Where a picture appears, leave it out, and print the rest of the records as they are.

______________________________

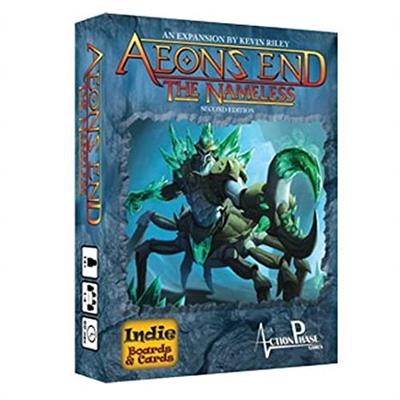 Aeons End The Nameless (2e edition)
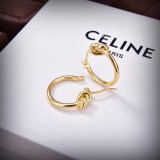 C*eline 1：1 Jewelry Earring yy24042945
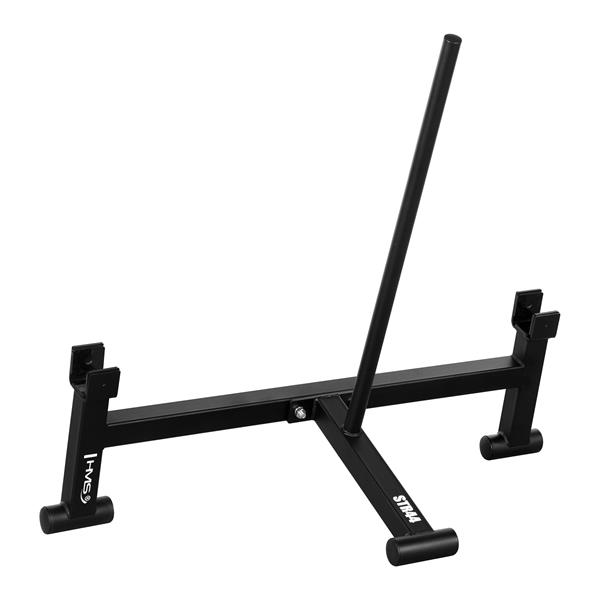 Zvedk na osu Deadlift Bar Jack HMS STR44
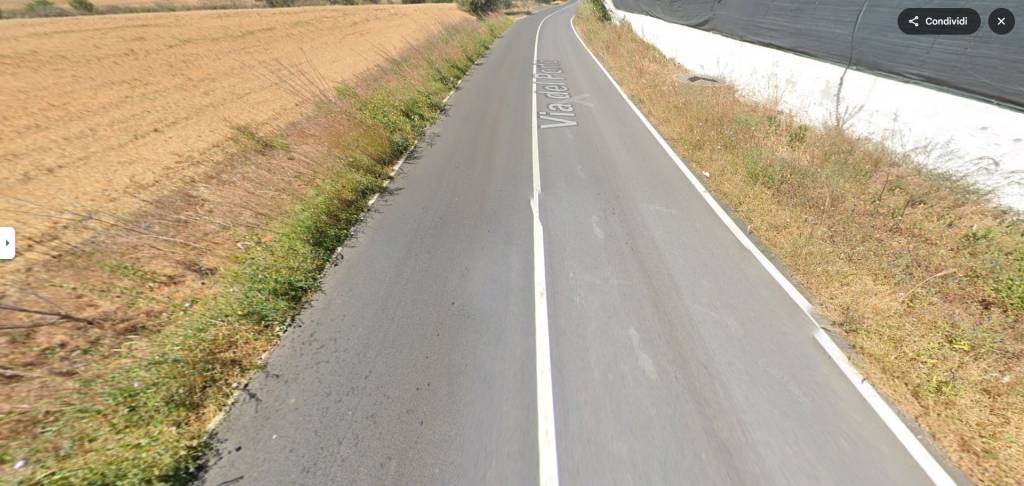 terreno agricolo in vendita a Sarroch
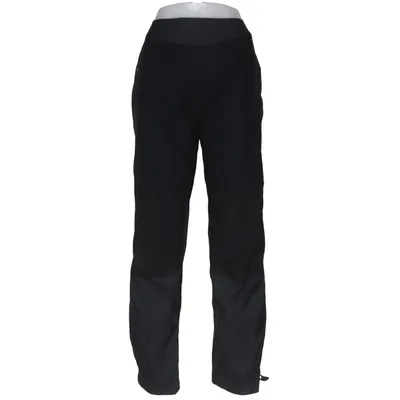 Överdragsbyxor (Svart) från GORE Running Wear Goretex, Nylon, Polyester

______________________________

**Problem solution:**
 Aeons End The Nameless (2e edition)
 C*eline 1：1 Jewelry Earring yy24042945
 Zvedk na osu Deadlift Bar Jack HMS STR44
 terreno agricolo in vendita a Sarroch
 Överdragsbyxor (Svart) från GORE Running Wear Goretex, Nylon, Polyester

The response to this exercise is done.